● WORK REQUIRED: Once you find the line below that contains "Young African American", write it out along with every later line exactly as given, stopping only when the records end. Omit the pictures.

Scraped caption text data
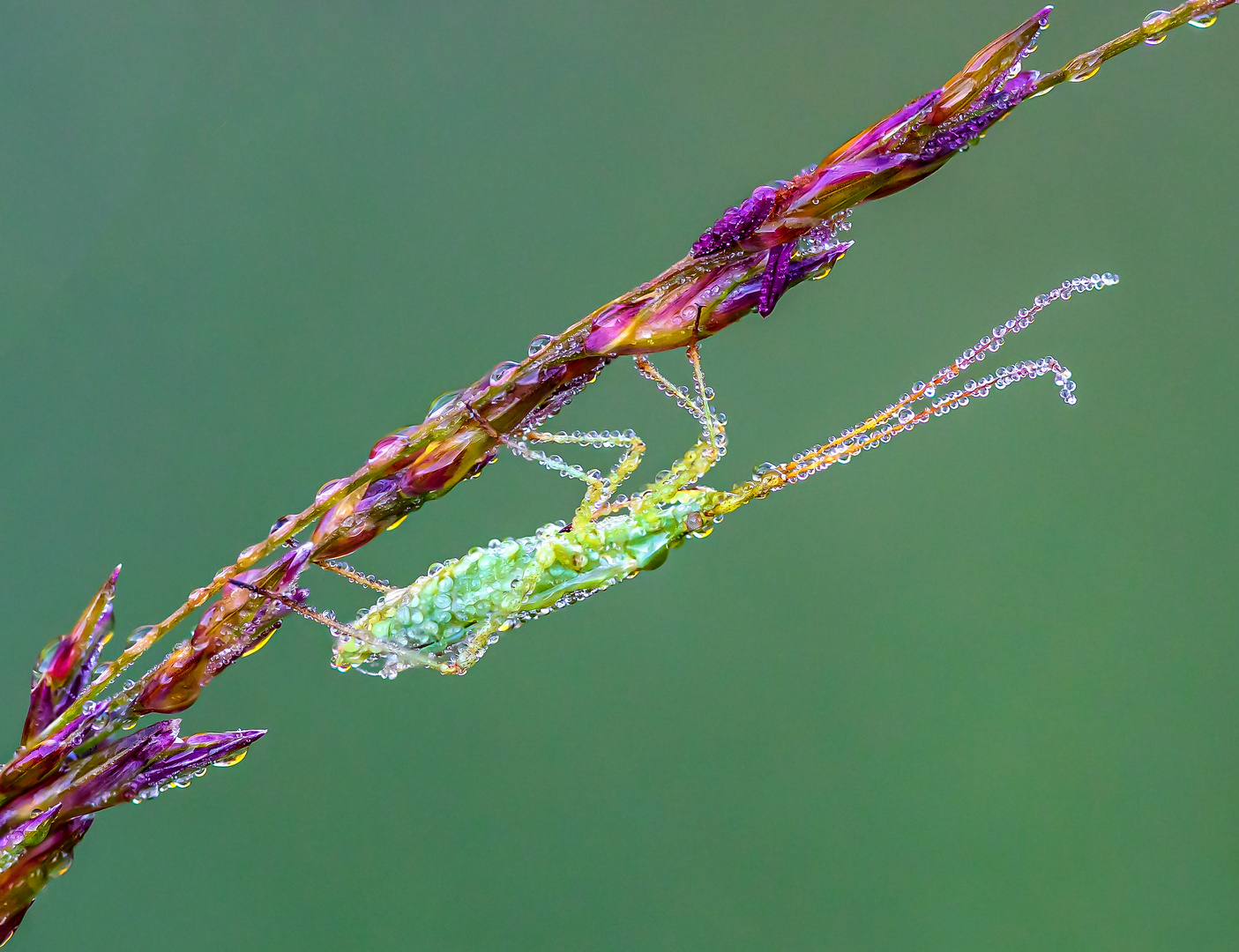 Graswanze mit Tautropfen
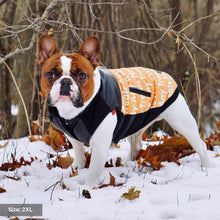 Load image into Gallery viewer, Vegan Leather Moto Vest - Yellow by Spark Paws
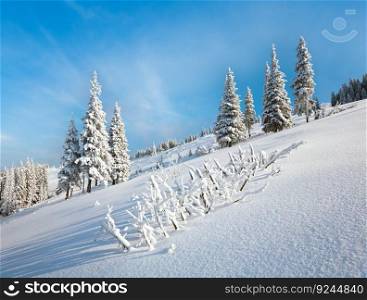 Winter rime and snow covered fir trees on mountainside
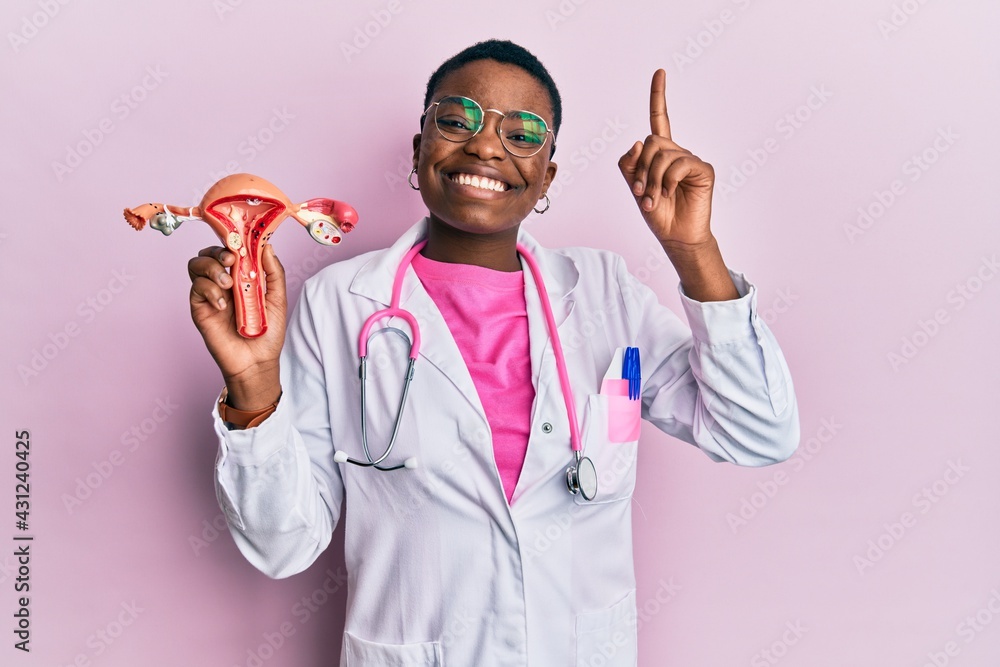 Young African American Doctor Woman Holding Anatomical Model Of Female Genital Organ Smiling 9644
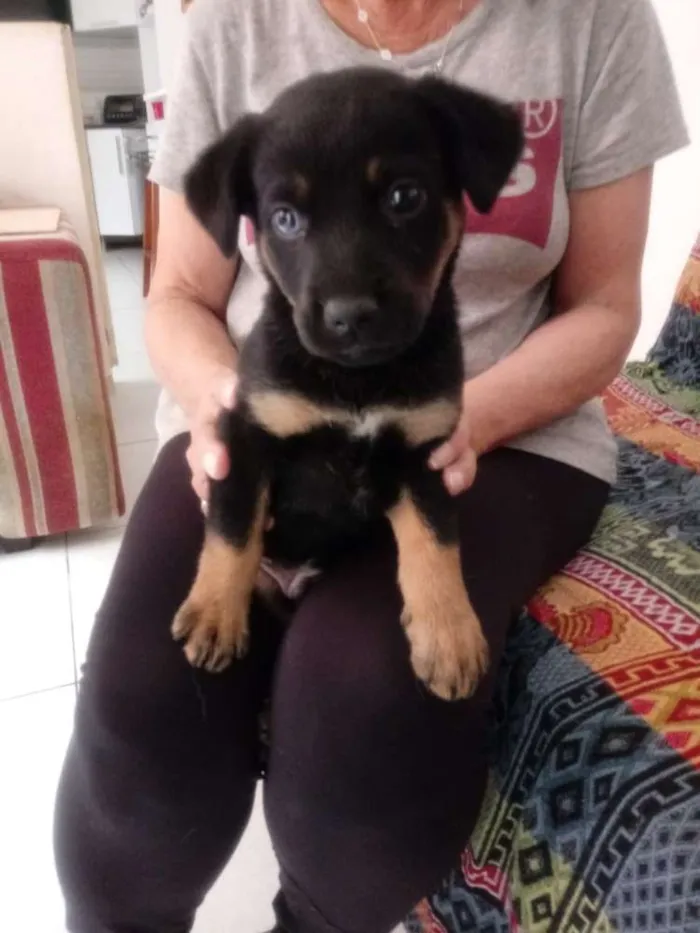Cachorro ra a Pastor com Rotwailler idade Abaixo de 2 meses nome Pretinho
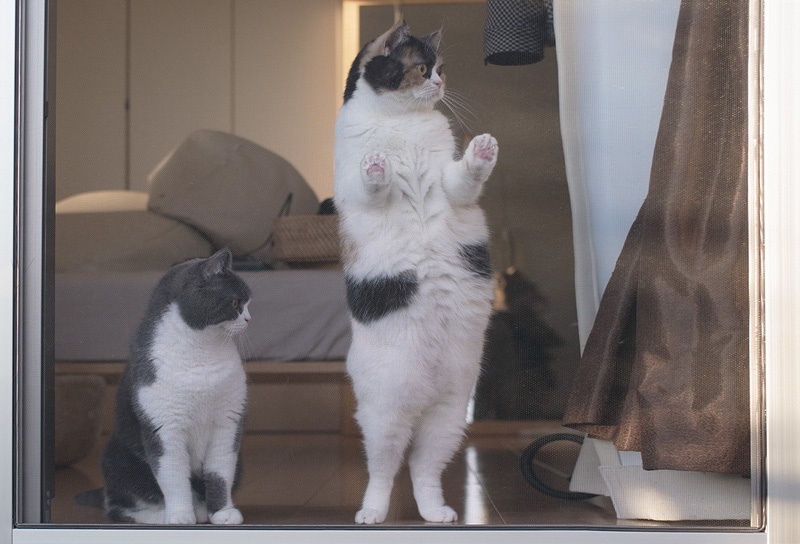 Я- красавица... (Фото из открытого источника)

● TASK OUTPUT:
 Young African American Doctor Woman Holding Anatomical Model Of Female Genital Organ Smiling 9644
Cachorro ra a Pastor com Rotwailler idade Abaixo de 2 meses nome Pretinho
 Я- красавица... (Фото из открытого источника)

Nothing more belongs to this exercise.